The key inclusion criteria were the diagnosis of moderate to advanced open-angle glaucoma and IOP above 18 mmHg. Using the Hodapp-Parrish-Anderson classification system, moderate to advanced glaucoma cases were defined by visual fields with a mean deviation (MD) of the Humphrey visual fields worse than −6 dB. The secondary inclusion criteria were: cup-to-disc ratio 0.7–1.0, not meeting target IOP with either maximal tolerated topical antiglaucoma medications (2–4 antiglaucoma agents) or systemic therapy (acetazolamide).
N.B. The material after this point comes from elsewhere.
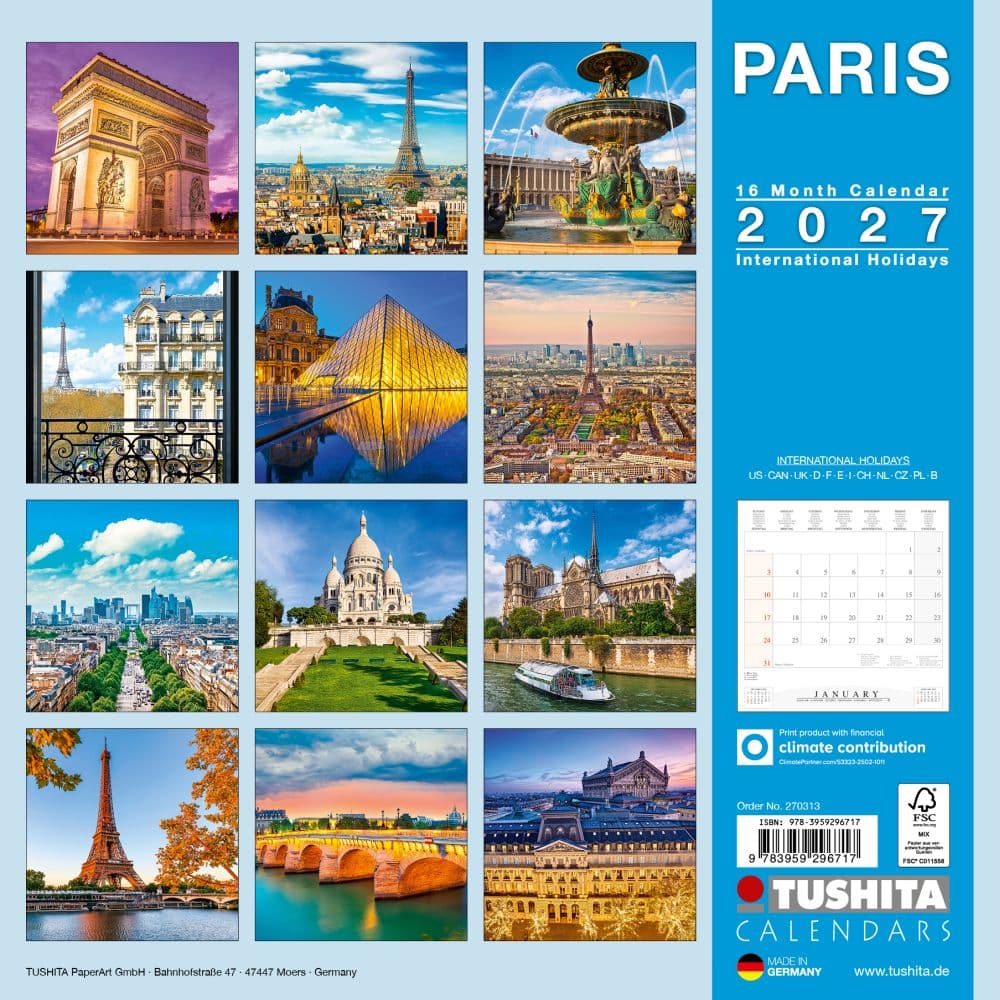 Paris 2027 Wall Calendar First Alternate Image
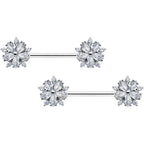 14G 9/16 Clear CZ Gem Floral Burst Barbell Nipple Ring Set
All the patients of Group A were phakic, and all the participants of Group B were pseudophakic. Patients with previous intraocular surgeries, secondary open-angle glaucoma including pseudoexfoliative glaucoma and pigmentary glaucoma, uveitis or oculus ultimus or unicus were not excluded. No pregnant women were included in the study because of the teratogenic effect of mitomycin C (MMC).

Baseline examinations included best-corrected visual acuity (BCVA), slit-lamp biomicroscopy of the anterior and posterior segment, gonioscopy with angle grading, IOP measurement using Goldmann applanation tonometry (Haag Streit, Essex, UK), visual field perimetry with Zeiss Humphrey Analyzer 3 (Zeiss, Jena, Germany) using Swedish Interactive Testing Algorithm Fast, and ECD using the Topcon specular microscope (Topcon Healthcare, Oakland, USA). The postoperative follow-up visits were conducted at 2 weeks and 1, 3, 6, and 12 months after the surgical intervention.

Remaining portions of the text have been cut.